11.       It is observed that two separate cases were tried by the trial court against accused Mahoot alias Fayyaz Khan and accused Awais Ahmed for recovery of crime weapon on their pointation.  The entire evidence of the prosecution witnesses was carefully examined and it is observed that the trial Judge has committed illegality while keeping the evidence of prosecution witnesses recorded in the one case by way of copy and paste in the other case. It is further observed that only change was at the head of page of the deposition where only the case number and other particulars were changed by the trial court otherwise the examination-in-chief and the cross-examination are same word by word including the commas and full stops.  It is settled by now that this practice of copy from the evidence of one case and paste it in the evidence of other case is illegal, unlawful and the same may be stopped.  In view of the considering facts and circumstances of the case the trial courts are directed to record the evidence of each witness separately in all the separate cases if not amalgamated in accordance with law.  It is further added that this court in case of Nakeef Nindwani v/s. The State (2022 P.Cr.L.J Note-10) has also observed as above and directions were issued.

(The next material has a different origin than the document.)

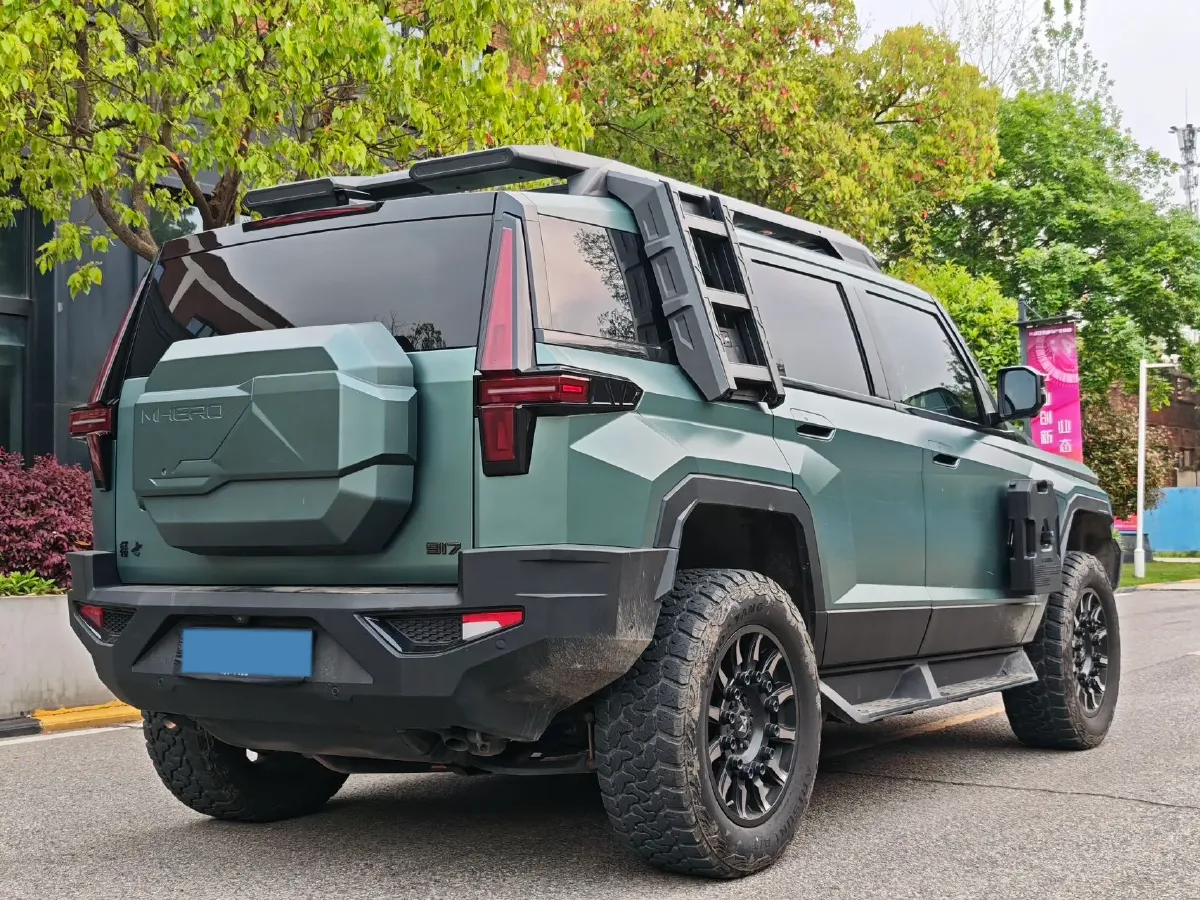 2023 M Hero 917 REEV 197HP 2AT REEV 65.8KWH,autocango,china used car exporter,china ev exporter,chinese used car exporter,chinese used ev exporter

12.       The over-all discussion arrived at conclusion that the prosecution has miserably failed to prove the guilt against present appellant beyond shadow of any reasonable doubt and it is a well-settled principle of law that for creating the shadow of a doubt, there should not be many circumstances. If a single circumstance creates reasonable doubt in the prudent mind, then its benefit is always extended in favour of the accused not as a matter of grace or concession, but as a matter of right. In this respect reliance is placed on the case of Muhammad Mansha v. The State (2018 SCMR-772), wherein the Hon’ble Supreme Court of Pakistan has held that:-

 

“4.        Needless to mention that while giving the benefit of doubt to an accused it is not necessary that there should be many circumstances creating doubt. If there is a circumstance which creates reasonable doubt in a prudent mind about the guilt of the accused, then accused would be entitled to the benefit of such doubt, not as a matter of grace and concession but as a matter of right. It is based on the maxim, “it is better that ten guilty persons be acquitted rather than one innocent person be convicted”. Reliance in this behalf can be made upon the cases of Tariq Pervez v. The State (1995 SCMR 1345), Ghulam Qadir and 2 others v.The State (2008 SCMR 1221), Muhammad Akram v.The State (2009 SCMR 230) and Muhammad Zaman v.The State (2014 SCMR 749)”.

 

13.       Resulting upon above discussion, I am of the judicious view that the learned trial Court has not evaluated the evidence in its true perspectives and thus arrived at an erroneous conclusion by holding present appellant as guilty of the offence. Thus, the instant criminal appeal is allowed; the conviction and sentence recorded against the appellant by way of impugned judgment could not be sustained, it is set aside and the appellant is acquitted of the charge. Appellant is directed to be released forthwith if his custody is not required in any other custody case.